Directions: The records follow. Print, word for word, the first line through the "Bottega Veneta Replica" line.
Material for this task START
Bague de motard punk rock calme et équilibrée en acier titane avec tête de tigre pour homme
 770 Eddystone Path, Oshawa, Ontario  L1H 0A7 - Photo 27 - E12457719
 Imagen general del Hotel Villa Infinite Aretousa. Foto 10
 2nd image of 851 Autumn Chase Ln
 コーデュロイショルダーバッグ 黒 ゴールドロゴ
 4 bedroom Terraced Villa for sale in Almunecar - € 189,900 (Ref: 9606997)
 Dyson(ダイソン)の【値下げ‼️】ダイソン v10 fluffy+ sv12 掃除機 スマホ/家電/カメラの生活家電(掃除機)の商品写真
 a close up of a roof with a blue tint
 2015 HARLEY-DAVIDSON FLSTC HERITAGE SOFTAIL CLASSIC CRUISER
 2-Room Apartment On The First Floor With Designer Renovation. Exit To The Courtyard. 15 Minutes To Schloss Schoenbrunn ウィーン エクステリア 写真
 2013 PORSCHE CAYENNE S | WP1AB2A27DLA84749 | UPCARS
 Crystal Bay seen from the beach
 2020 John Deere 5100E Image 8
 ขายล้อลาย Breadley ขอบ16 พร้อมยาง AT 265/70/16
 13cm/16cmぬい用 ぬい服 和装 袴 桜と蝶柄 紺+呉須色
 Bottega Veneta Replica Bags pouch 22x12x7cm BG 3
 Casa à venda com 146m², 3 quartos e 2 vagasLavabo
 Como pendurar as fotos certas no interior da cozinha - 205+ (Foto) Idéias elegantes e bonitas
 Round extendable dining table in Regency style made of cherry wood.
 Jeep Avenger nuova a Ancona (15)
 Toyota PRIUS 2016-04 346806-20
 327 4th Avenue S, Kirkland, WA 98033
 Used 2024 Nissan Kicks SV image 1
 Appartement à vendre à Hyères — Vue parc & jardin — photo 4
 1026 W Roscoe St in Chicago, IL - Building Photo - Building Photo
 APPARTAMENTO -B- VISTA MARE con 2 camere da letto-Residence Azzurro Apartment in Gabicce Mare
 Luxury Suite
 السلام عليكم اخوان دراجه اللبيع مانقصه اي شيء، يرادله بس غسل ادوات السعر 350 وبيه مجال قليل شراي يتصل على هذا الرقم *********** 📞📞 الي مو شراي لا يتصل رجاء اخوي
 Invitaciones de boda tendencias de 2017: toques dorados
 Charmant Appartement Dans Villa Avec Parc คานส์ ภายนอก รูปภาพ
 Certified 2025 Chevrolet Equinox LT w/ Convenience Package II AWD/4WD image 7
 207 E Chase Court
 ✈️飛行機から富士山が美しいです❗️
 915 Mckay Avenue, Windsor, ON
Material for this task END
Response area:
Bague de motard punk rock calme et équilibrée en acier titane avec tête de tigre pour homme
 770 Eddystone Path, Oshawa, Ontario  L1H 0A7 - Photo 27 - E12457719
 Imagen general del Hotel Villa Infinite Aretousa. Foto 10
 2nd image of 851 Autumn Chase Ln
 コーデュロイショルダーバッグ 黒 ゴールドロゴ
 4 bedroom Terraced Villa for sale in Almunecar - € 189,900 (Ref: 9606997)
 Dyson(ダイソン)の【値下げ‼️】ダイソン v10 fluffy+ sv12 掃除機 スマホ/家電/カメラの生活家電(掃除機)の商品写真
 a close up of a roof with a blue tint
 2015 HARLEY-DAVIDSON FLSTC HERITAGE SOFTAIL CLASSIC CRUISER
 2-Room Apartment On The First Floor With Designer Renovation. Exit To The Courtyard. 15 Minutes To Schloss Schoenbrunn ウィーン エクステリア 写真
 2013 PORSCHE CAYENNE S | WP1AB2A27DLA84749 | UPCARS
 Crystal Bay seen from the beach
 2020 John Deere 5100E Image 8
 ขายล้อลาย Breadley ขอบ16 พร้อมยาง AT 265/70/16
 13cm/16cmぬい用 ぬい服 和装 袴 桜と蝶柄 紺+呉須色
 Bottega Veneta Replica Bags pouch 22x12x7cm BG 3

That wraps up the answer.